Pictures with short captions:
= = = =
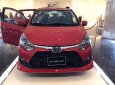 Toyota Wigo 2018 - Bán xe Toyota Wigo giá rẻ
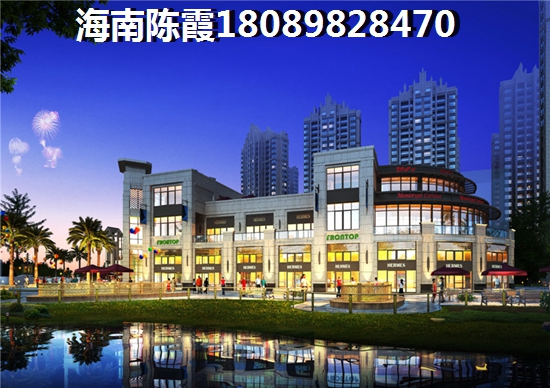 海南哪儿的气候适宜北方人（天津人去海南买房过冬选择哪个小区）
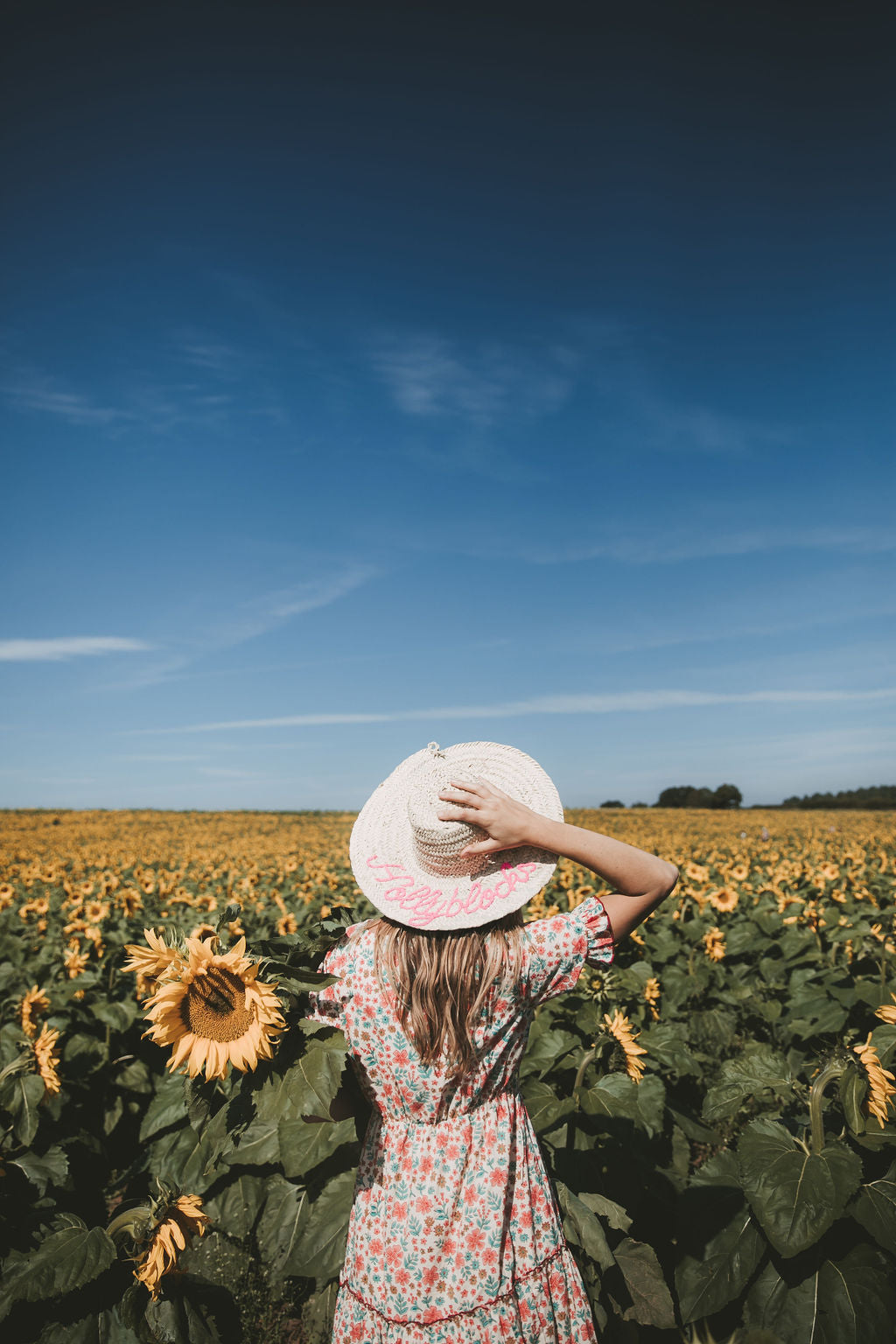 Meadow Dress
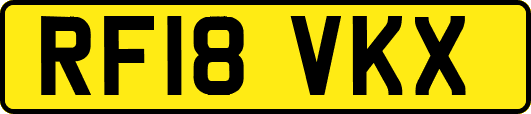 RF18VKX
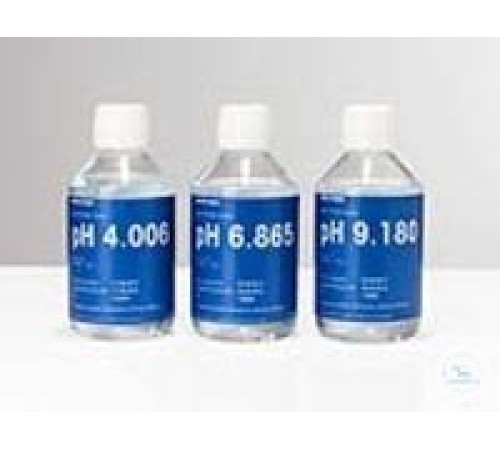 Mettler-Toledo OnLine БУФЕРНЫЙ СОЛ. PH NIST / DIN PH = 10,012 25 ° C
= = = =
Set down nothing but the lines from the one containing "Meadow Dress" to the final line above, both included, with every picture left out.

 Meadow Dress
 RF18VKX
 Mettler-Toledo OnLine БУФЕРНЫЙ СОЛ. PH NIST / DIN PH = 10,012 25 ° C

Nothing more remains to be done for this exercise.